El escritor grancanario Alexis Ravelo ha ganado el Premio Dashiel Hammet de la Semana Negra de Gijón con su novela La estrategia del pequinés. El jurado estuvo formado por Paco Camarasa, Milo Krmpotic, Marcelo Luján y Miguel Barrero. En este blog hice una pequeña reseña de esa novela, que leí en septiembre del año pasado.
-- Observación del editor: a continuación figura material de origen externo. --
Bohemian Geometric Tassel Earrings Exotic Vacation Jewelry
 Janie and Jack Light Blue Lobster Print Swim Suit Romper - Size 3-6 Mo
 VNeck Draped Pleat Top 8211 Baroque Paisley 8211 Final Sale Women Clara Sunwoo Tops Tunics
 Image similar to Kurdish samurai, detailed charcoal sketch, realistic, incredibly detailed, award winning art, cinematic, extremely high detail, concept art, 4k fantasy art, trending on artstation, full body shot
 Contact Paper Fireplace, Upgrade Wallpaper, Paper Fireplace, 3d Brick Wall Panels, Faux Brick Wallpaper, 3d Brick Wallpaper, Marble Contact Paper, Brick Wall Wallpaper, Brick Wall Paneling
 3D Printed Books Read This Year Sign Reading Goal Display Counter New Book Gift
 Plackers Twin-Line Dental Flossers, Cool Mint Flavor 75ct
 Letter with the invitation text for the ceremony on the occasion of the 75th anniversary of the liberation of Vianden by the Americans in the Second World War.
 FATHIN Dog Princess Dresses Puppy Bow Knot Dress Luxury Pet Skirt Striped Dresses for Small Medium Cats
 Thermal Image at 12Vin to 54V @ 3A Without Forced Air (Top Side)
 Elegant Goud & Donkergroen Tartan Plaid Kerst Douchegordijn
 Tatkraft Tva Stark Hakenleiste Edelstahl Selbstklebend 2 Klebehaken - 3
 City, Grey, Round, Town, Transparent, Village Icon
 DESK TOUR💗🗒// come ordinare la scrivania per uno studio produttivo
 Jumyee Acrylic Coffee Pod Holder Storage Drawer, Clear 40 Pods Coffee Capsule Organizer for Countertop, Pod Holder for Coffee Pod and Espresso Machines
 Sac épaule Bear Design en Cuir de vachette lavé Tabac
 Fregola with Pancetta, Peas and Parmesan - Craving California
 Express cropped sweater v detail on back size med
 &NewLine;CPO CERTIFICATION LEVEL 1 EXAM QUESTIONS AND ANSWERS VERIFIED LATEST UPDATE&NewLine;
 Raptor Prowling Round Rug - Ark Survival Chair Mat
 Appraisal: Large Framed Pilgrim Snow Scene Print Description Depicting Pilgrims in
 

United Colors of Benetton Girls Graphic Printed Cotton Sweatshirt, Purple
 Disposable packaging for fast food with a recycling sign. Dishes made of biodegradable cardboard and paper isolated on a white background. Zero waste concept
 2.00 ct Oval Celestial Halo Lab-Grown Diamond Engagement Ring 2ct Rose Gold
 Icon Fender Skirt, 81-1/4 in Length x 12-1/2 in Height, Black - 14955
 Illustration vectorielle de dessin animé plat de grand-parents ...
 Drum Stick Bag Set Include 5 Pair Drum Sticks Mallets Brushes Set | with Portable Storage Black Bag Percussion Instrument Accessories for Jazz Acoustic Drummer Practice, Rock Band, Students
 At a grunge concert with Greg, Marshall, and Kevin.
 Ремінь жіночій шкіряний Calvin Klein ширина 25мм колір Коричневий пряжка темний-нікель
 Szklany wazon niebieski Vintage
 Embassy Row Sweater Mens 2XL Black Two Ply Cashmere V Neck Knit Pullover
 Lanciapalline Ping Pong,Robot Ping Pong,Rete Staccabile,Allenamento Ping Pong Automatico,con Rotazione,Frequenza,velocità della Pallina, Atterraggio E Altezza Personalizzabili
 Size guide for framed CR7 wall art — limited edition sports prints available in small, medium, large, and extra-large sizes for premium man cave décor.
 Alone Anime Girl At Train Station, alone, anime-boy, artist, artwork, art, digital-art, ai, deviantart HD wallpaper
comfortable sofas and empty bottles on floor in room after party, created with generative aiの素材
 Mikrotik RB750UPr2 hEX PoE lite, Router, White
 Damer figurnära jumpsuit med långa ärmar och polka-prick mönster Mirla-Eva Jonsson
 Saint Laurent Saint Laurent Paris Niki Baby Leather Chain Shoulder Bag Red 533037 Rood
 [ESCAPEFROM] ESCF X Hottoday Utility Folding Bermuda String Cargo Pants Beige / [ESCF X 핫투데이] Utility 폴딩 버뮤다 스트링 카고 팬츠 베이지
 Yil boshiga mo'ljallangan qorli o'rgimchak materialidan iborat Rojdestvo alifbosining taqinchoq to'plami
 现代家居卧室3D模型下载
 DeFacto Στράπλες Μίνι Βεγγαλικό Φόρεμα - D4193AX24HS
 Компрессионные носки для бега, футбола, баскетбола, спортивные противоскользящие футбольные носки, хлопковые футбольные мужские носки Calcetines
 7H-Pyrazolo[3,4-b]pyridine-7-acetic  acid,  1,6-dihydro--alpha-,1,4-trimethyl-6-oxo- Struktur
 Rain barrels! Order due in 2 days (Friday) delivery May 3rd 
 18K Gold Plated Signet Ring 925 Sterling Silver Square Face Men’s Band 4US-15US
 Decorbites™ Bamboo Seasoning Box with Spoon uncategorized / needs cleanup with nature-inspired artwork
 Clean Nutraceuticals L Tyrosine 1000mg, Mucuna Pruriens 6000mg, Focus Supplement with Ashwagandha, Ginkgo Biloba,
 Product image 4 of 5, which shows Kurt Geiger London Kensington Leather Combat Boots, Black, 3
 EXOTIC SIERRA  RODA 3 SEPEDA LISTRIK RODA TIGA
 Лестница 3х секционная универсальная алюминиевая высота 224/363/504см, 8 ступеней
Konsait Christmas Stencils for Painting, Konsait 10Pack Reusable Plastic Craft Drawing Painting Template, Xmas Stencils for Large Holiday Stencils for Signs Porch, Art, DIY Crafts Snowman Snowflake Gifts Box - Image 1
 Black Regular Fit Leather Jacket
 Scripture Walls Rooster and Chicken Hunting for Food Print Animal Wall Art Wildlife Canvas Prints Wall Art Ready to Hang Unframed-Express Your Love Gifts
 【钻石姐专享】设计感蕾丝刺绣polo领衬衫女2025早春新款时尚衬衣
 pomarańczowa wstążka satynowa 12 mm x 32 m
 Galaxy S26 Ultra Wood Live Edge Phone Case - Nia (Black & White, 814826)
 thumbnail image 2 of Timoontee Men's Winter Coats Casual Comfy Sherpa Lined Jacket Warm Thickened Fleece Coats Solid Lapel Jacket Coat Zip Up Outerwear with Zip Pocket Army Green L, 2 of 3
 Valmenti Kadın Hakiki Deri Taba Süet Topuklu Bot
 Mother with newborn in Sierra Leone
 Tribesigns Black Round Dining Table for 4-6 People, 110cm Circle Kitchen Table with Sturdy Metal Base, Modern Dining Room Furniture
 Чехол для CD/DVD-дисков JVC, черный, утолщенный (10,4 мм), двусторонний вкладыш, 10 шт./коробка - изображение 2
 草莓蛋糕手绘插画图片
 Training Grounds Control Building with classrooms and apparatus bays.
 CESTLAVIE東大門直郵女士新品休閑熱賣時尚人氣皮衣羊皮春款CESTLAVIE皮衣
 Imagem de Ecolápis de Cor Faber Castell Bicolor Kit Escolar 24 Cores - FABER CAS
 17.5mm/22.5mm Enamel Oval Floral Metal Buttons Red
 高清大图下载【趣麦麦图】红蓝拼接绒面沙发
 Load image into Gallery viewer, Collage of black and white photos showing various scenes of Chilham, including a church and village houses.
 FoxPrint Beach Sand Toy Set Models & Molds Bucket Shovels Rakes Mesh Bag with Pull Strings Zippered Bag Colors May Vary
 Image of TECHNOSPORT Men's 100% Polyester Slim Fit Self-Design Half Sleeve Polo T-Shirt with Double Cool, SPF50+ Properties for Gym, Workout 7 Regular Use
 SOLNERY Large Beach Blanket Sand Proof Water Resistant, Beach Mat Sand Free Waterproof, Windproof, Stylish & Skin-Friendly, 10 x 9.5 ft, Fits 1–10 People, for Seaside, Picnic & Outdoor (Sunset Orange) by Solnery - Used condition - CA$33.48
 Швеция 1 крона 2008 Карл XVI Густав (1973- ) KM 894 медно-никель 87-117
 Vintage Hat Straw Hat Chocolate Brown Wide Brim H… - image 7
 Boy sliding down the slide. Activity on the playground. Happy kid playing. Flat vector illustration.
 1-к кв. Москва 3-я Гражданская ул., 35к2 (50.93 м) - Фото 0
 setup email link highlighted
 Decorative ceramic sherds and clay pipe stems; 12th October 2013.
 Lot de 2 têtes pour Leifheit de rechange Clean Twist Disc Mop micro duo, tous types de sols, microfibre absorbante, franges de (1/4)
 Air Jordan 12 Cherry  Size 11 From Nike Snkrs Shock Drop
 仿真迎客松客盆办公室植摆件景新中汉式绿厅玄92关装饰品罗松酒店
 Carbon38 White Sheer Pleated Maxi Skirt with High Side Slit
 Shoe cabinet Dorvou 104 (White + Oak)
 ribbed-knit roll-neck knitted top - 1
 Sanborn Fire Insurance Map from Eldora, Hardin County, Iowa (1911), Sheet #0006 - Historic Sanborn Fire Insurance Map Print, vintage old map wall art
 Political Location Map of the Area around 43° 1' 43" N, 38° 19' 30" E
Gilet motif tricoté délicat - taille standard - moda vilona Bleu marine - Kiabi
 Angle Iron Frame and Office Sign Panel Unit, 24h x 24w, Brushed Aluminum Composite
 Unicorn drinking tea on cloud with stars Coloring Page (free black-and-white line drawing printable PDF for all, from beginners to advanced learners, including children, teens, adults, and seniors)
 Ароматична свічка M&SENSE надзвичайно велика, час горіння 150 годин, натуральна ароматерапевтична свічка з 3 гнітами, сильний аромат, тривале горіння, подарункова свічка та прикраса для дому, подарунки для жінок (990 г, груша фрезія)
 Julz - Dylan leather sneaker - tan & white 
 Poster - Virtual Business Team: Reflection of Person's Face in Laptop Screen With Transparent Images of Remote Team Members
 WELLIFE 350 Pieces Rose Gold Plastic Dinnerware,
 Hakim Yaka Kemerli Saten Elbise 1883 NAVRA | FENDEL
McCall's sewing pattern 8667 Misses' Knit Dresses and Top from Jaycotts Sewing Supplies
Las tres bodas de Manolita, de Almudena Grandes


Magnífica. Este es el calificativo que merece esta novela -el tercero de los Episodios de una Guerra Interminable- de Almudena Grandes por varios motivos: la ingente labor de documentación llevada a cabo por la autora, la agilidad de su prosa, la cantidad y variedad de personajes que aparecen y tramas que desarrolla, el continuo homenaje que realiza a la Literatura con mayúsculas (Galdós y sus Episodios Nacionales, La isla del tesoro, etc.), la sensibilidad que desprenden sus reflexiones, la descripción de ambientes, las claves históricas que desentraña, las técnicas empleadas (narrador omnisciente, narrador protagonista, anticipaciones, diversidad de puntos de vista), la aparición de personajes de sus dos obras anteriores -Inés y la alegría y El lector de Julio Verne- y de su obra inmediatamente posterior que ya nos adelanta, Los pacientes del doctor García...Por todo ello y más es una novela de lectura imprescindible. Su argumento gira en torno a Manolita Perales, que ve cómo su vida y la de los suyos cambia a partir de 1939. Las más bajas pasiones del ser humano se desatan en la posguerra española y Almudena Grandes es capaz de lograr que el lector asista impotente a este desgraciado espectáculo: delación, tortura, asesinato, egoísmo, explotación de menores, ambición, injusticia, miedo, dolor, despotismo; aunque aporta un rayo de esperanza: solidaridad, esfuerzo, trabajo, paciencia, amistad, amor.


02 julio 2014

Una vacante imprevista, de J. K. Rowling


Me ha gustado mucho esta novela -primera que dirige al público adulto- de J. K. Rowling, la autora de la saga de Harry Potter. Aunque para algunos críticos su estilo no es muy depurado y su trama resulta algo estereotipada, he de confesar que ha logrado captar mi atención de principio a fin, que he sufrido con algunos de sus personajes, que he empatizado con unos y que he sentido antipatía ante la actitud de otros; en definitiva, que la autora ha logrado conectar conmigo a través de las seiscientas páginas de su obra. Eso es lo que se suele pedir a una novela, que llegue, que conmueva al lector y que éste sienta el momento en que concluya su lectura. Los temas que trata, si bien están localizados en Inglaterra son perfectamente extrapolables a cualquier otro lugar: falsedad, hipocresía, acoso escolar, violencia en el ámbito familiar, drogas, sexo entre adolescentes, maledicencia, ambición, cortedad de miras, sordidez, adopciones, etc. Todo comienza con la muerte repentina de Barry Fairbrother, miembro del concejo parroquial de Pagford, que desencadena una auténtica batalla por ocupar su puesto, ya que de ello depende el destino de una urbanización de dudosa legalidad donde vive gente conflictiva relacionada con la delincuencia y la droga. El final es sumamente trágico y proclive a la reflexión. Lectura muy recomendable.